Is China Sending Solar ETFs To A Blackout?

by on August 28, 2009 | ETFs Mentioned:

President Obama is determined to establish the U.S. as “the world’s leading exporter of renewable energy,” but it seems that he may face some stiff competition from a familiar source. According to a recent article in the New York Times, China has established itself as the early leader in the race to become the dominant producer of green energy alternatives, a significant obstacle to U.S.-based firms hoping to capitalize on increased focus on the development of alternative energy sources.

China has An Early Advantage In The Solar Energy RaceChina has already made significant progress in developing sustainable solar energy sources, and seems hell bent on keeping a leg up on the rest of the world. In the last year, Chinese companies have helped to push down the price of solar panels by nearly 50%, and there are reports that they are currently selling panels on the American market at less than cost in an attempt to build market share and put pressure on potential competitors.

The Obama administration has pledged to support the development of clean energy initiatives in the U.S., offering various tax incentives to equipment manufacturers. But the assistance provided by the U.S. will likely pale in comparison to the perks being offered by the Chinese government to companies there. According to the Times:

Since March, Chinese governments at the national, provincial and even local level have been competing with one another to offer solar companies ever more generous subsidies, including free land, and cash for research and development. State-owned banks are flooding the industry with loans at considerably lower interest rates than available in Europe or the United States.

Despite major breakthroughs in technology, solar energy is still significantly more expensive to generate than energy from traditional sources (such as coal and oil) and even many alternative sources (such as wind). And the hurdles remaining before solar power could be widely used around the globe will be difficult to overcome.

One major hurdle for Chinese solar energy equipment manufacturer: the U.S. stimulus plan requires that any construction project receiving government funds must buy materials, including solar panels, from countries that have signed the WTO’s agreement on free trade in government procurement. To skirt this restriction, Chinese companies are expected to begin building solar energy plants in the U.S. within the next 12 months.

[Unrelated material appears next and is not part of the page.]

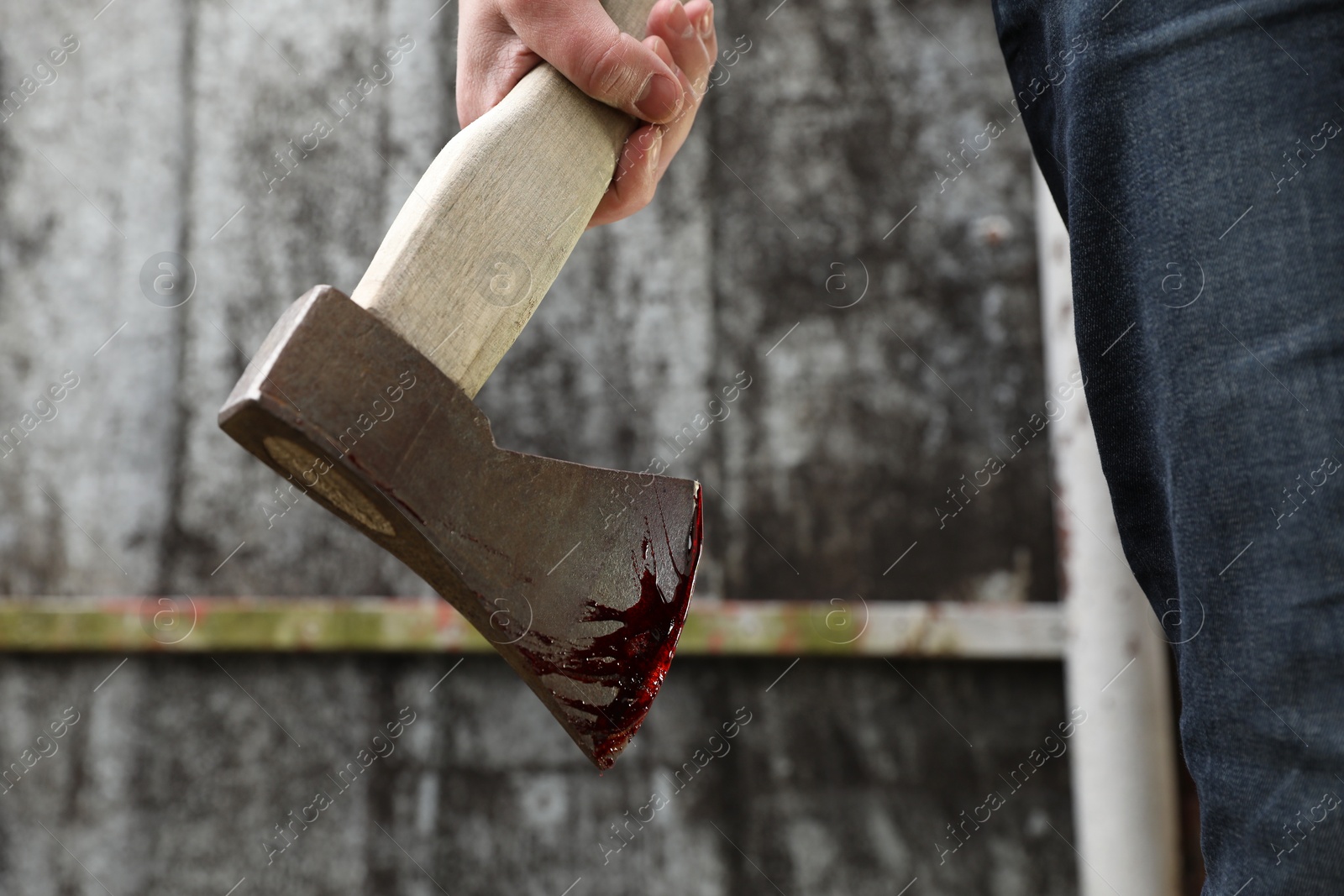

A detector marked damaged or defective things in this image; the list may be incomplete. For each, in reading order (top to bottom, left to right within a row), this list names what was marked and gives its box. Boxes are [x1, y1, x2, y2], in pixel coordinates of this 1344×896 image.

rusty metal edge [0, 601, 1058, 658]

Despite the commitments of the current administration, catching China in the solar energy industry is a daunting task. Fueled by cheap labor and generous government support, it seems very plausible that U.S. companies will become consumers of solar products, not producers. The “green economy” that we’ve been promised is putting down some pretty strong roots halfway around the world.

ETF Plays On Solar Energy

Solar energy has still not been proven as a viable and sustainable technology. And there will likely be many more twists in this story in coming months and years as U.S. and German companies continue to forge ahead with plans to develop efficient solar energy products. Fortunately for ETF investors, there are two exchange-traded products currently on the market that offer exposure to global solar energy benchmarks, including significant allocations to both Chinese and U.S. firms:

  • Market Vectors Solar Energy ETF (KWT): The U.S. (35%), China (28%), and Germany (27%) account for the vast majority of KWT’s holdings. KWT has lost nearly two-thirds of its value over the last year, but has shown strong gains in recent months. This ETF has an expense ratio of 0.65%.


  • Claymore/MAC Global Solar Energy ETF (TAN): For those investors bullish on the solar energy sector but concerned that China will outpace the U.S. in the race to become the world’s dominant green energy player, TAN may also be an appealing ETF play. This fund (which Claymore president Christian Magoon recently discussed with ETF Database) is the first ETF to focus on the global solar energy. Similar to KWT, TAN’s holdings are concentrated in China (30%), the U.S. (30%), and Germany (27%). TAN has a similar one-year performance (-67%) and expense ratio (0.65%) as the Market Vectors fund.


Disclosure: No positions at time of writing.